Izabella Kaminska has a great post over at Alphaville on the difference between private and state money. I want to pick up a small point that she doesn’t touch on directly, though I think is implicit in what she says.

The first thing to note is that a narrow definition of what does and doesn’t constitute money is not going to get us very far. It is precisely this type of thinking that lead people to assume that QE would inevitably lead to runaway inflation – moar money, moar problems. Thankfully most of the doom-mongers have since toned down their more apocalyptic predictions.

What gives an asset money-like qualities, or “moneyness”, (at least in New Monetarist thinking) was helpfully defined by Steve Williamson on his blog last year:

“[A]ll assets are to some extent useful in exchange, or as collateral. "Moneyness" is a matter of degree, and it is silly to draw a line between some assets that we call money and others which are not-money. Second, the technology determines how different assets are used in exchange. Financial innovations made asset backed securities very useful as collateral, and in financial market exchange. Those innovations changed the relationships among what we measure as monetary aggregates, inflation, asset prices, and aggregate activity. Third, regulations matter for how assets are used in exchange. Paying interest on reserves matters; paying interest on transactions deposits at banks matters; reserve requirements matter; deposit insurance matters; moral hazard problems and how they are regulated matter.”

So if we look back at pre-crisis financial markets you can clearly see financial assets, including the now infamous mortgage-backed securities, moving around the system just as easily as if they were dollars or euros. As long as people believed that the market was deep enough and the assets effectively “risk-free” then there was no barrier to them being considered equal to state-backed currency.
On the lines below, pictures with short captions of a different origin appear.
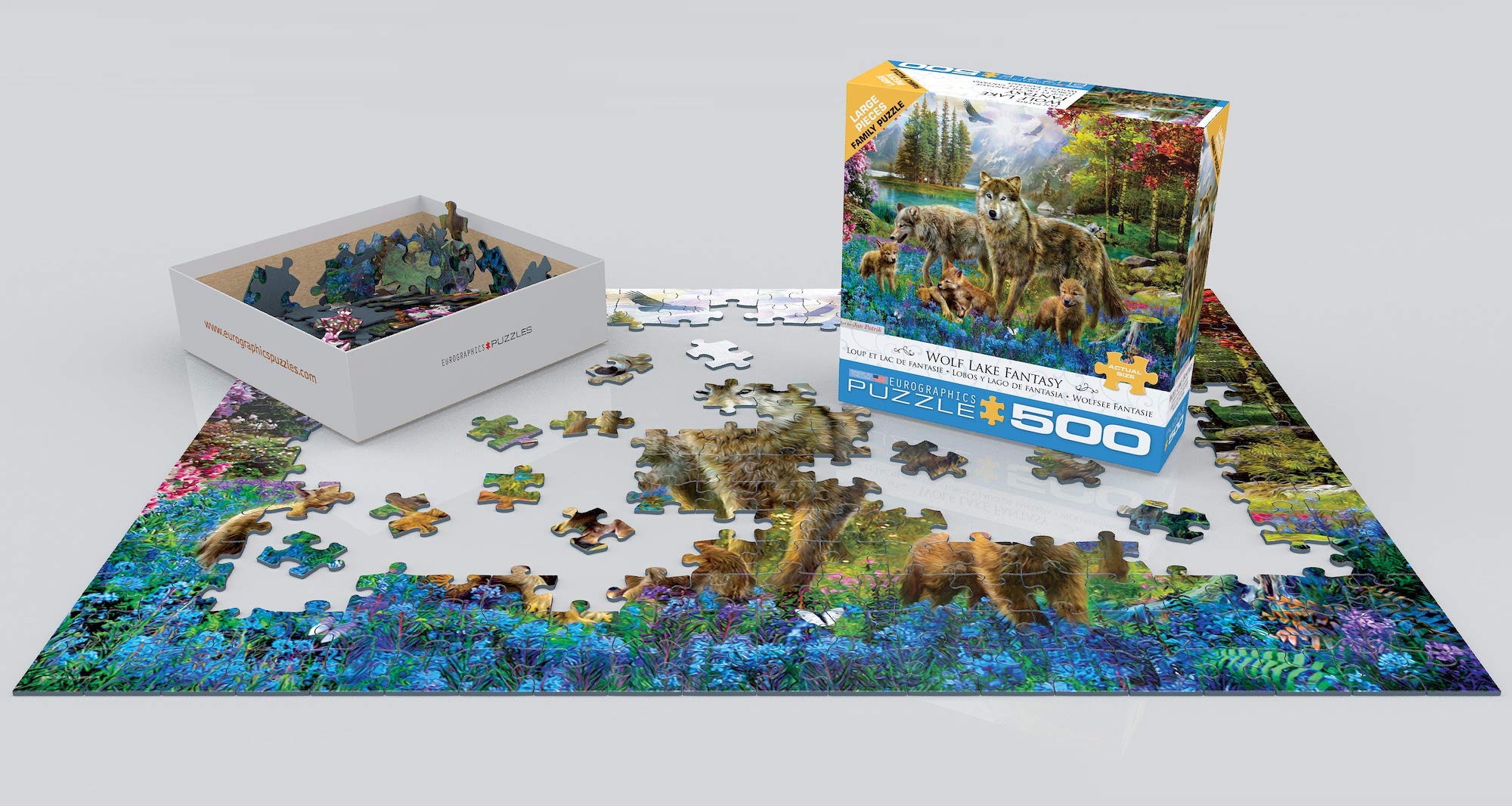 Foto 3 | Puzzle Eurographics Eurhr Wolf Lake Fantasy De 500 Piezas - Venta Internacional.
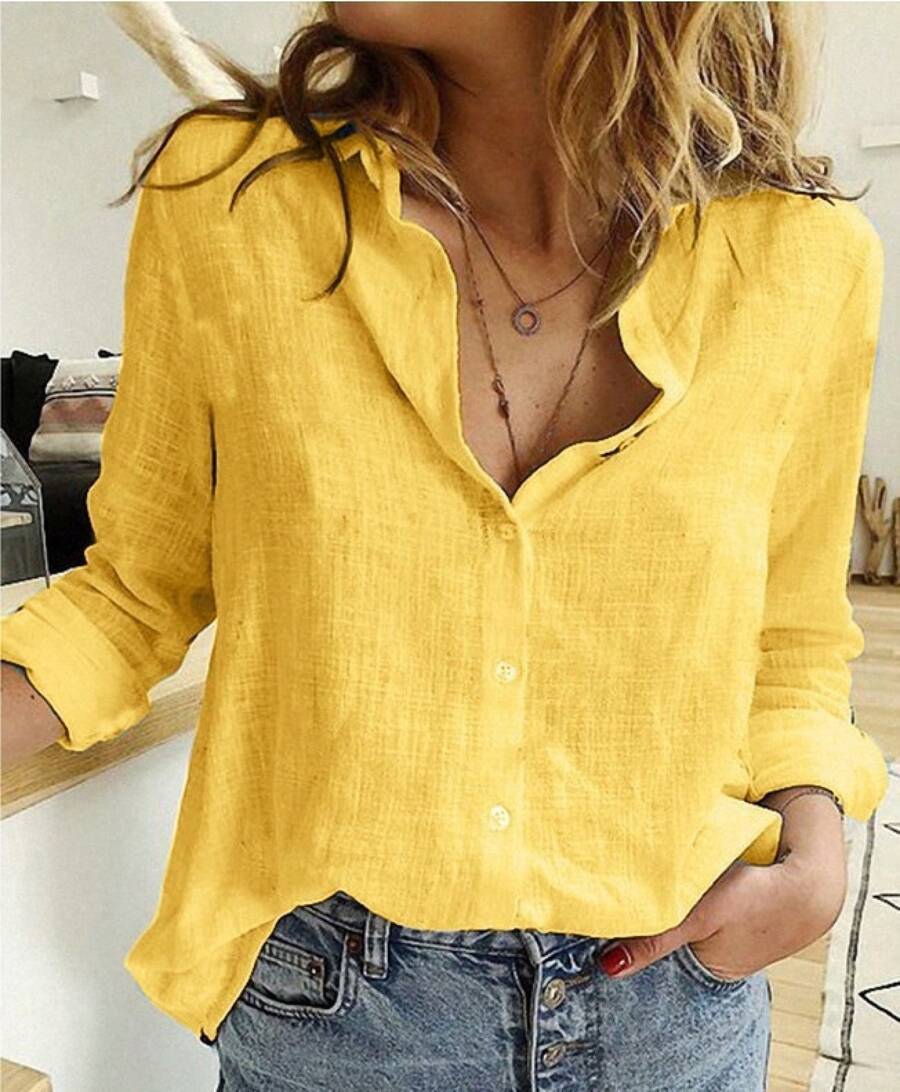 Solid Color Casual Loose Long Sleeve Linen Shirt In Stock, Women Lapel Breathable Cotton Linen Blouse - Màu vàng - Xem 1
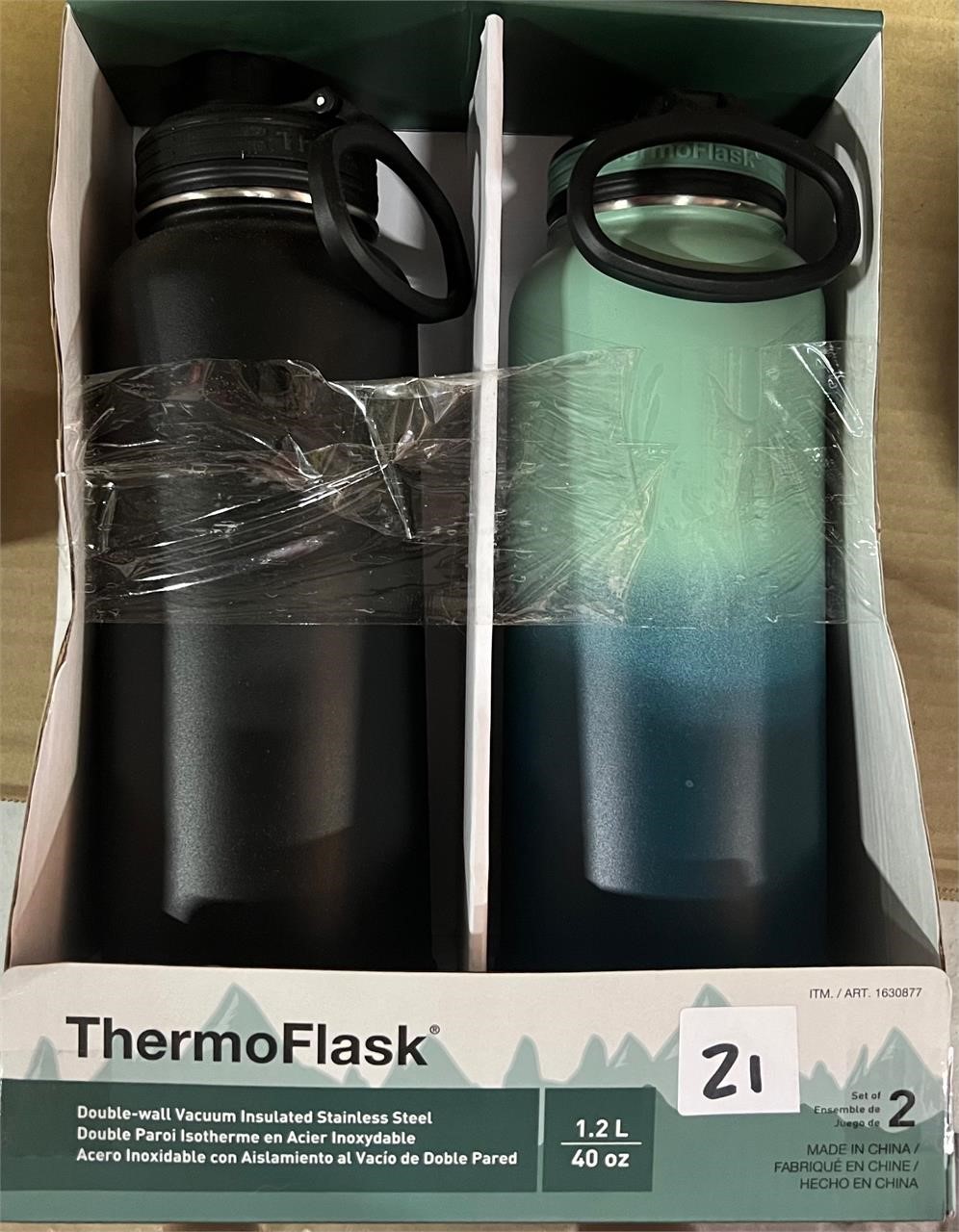 ThermoFlask2pk-40oz Stainless Steel Tumbler,Opened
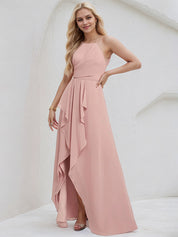 Dusty Rose Chiffon A Line Halter Neck Sleeveless Asymmetrical Bridesmaid Dress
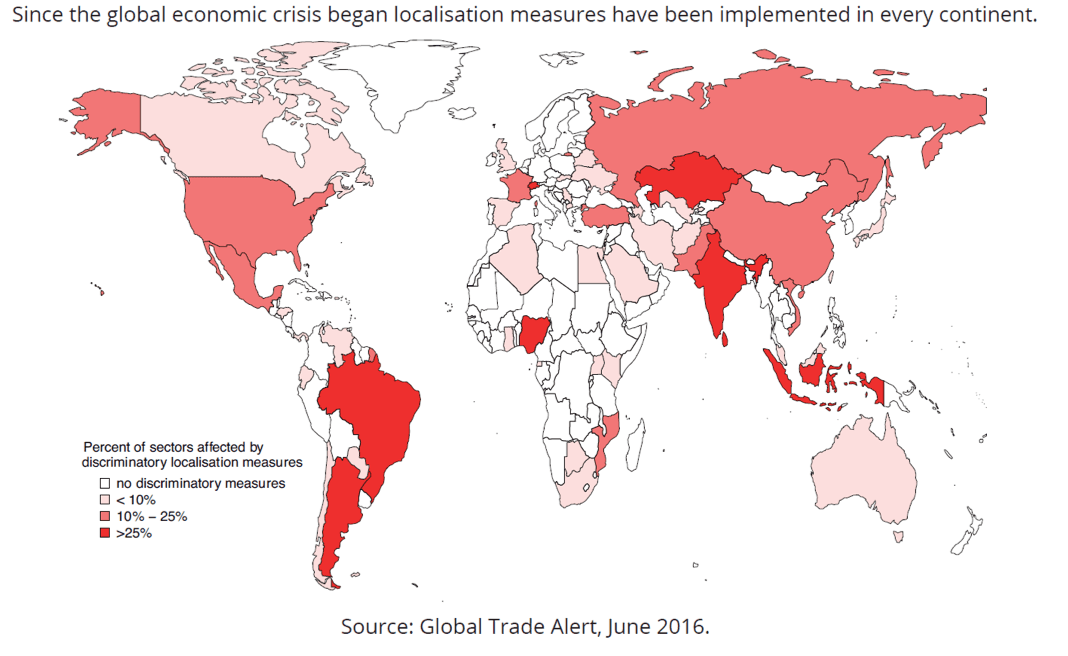 Weltkarte Lokalisierungsregeln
Yet unlike state-backed paper, when the quality of these assets are called into question their moneyness can suddenly evaporate. As Kaminska says, this can lead to a stampede into state-backed assets, whether currency or debt, or commodity backed currency substitutes. Those holding the proverbial hot potato, the private assets, find themselves unable to trade them and are left to accept the inevitable write-downs.

In these circumstances the state has two options – either supply the market with enough state-backed assets as it demands to prop up the money supply or try to reinstate the moneyness of private assets. (Or, I suppose, some combination of both).  It is fairly apparent how the state could accomplish the former, either through directly printing money or increasing government debt issuance. But how can it hope to restore private sector assets to parity with state-backed money?

One way would be to commit to buying a whole lot of them. If the crisis of confidence in these assets is predominantly a liquidity concern then a central bank can help unstick the system through secondary market purchases in exchange for (state-backed) bank reserves. If the commitment is deemed credible then the private sector can get back to trading these assets in the knowledge that they can always be passed to the state in a crisis – until eventually the don’t require the backstop anymore.

Liquidity provision, however, is only temporary insofar as the limitations of private money are not seen as too great and the clear preference for state assets entrenched. In such a scenario asset purchases can bestow moneyness on any asset but only for as long as the programme sustains. Once the QE tractor-beam is turned on, it therefore becomes exceedingly difficult to remove without causing another crisis in confidence.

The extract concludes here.